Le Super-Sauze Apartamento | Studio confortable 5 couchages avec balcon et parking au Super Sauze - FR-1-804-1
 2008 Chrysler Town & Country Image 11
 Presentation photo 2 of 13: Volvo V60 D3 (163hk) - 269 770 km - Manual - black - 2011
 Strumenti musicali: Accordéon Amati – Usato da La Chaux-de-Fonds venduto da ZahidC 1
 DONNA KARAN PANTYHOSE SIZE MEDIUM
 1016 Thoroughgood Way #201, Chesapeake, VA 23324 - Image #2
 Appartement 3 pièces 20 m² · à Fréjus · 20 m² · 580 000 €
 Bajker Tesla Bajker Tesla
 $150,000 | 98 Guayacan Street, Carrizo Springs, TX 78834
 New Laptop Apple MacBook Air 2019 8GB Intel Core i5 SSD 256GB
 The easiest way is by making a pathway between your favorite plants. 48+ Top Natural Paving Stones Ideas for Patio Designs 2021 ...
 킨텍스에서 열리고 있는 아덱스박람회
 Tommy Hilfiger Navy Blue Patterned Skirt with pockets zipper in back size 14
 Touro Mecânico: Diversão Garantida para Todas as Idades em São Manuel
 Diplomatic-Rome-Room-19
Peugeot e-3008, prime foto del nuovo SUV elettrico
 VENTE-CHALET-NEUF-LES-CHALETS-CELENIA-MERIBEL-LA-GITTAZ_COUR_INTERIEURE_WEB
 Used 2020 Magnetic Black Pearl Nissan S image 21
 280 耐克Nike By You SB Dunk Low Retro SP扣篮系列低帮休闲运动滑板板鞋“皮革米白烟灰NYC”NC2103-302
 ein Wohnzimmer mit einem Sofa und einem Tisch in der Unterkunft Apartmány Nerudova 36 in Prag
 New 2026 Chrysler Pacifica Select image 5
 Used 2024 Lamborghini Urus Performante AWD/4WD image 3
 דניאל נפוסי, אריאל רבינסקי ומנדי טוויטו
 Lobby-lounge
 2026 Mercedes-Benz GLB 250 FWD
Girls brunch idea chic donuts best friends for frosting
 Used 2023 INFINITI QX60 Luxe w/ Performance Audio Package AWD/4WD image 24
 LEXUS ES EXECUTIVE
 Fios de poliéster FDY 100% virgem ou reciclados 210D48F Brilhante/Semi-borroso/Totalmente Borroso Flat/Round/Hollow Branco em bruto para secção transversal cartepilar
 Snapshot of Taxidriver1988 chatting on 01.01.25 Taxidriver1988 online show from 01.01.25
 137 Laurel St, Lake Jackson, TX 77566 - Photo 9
━━━━━━━━━━━━━━━━
* Task requirements *
If a line in the records contains "para", report it.

* Answer to the problem *
 Touro Mecânico: Diversão Garantida para Todas as Idades em São Manuel
 Fios de poliéster FDY 100% virgem ou reciclados 210D48F Brilhante/Semi-borroso/Totalmente Borroso Flat/Round/Hollow Branco em bruto para secção transversal cartepilar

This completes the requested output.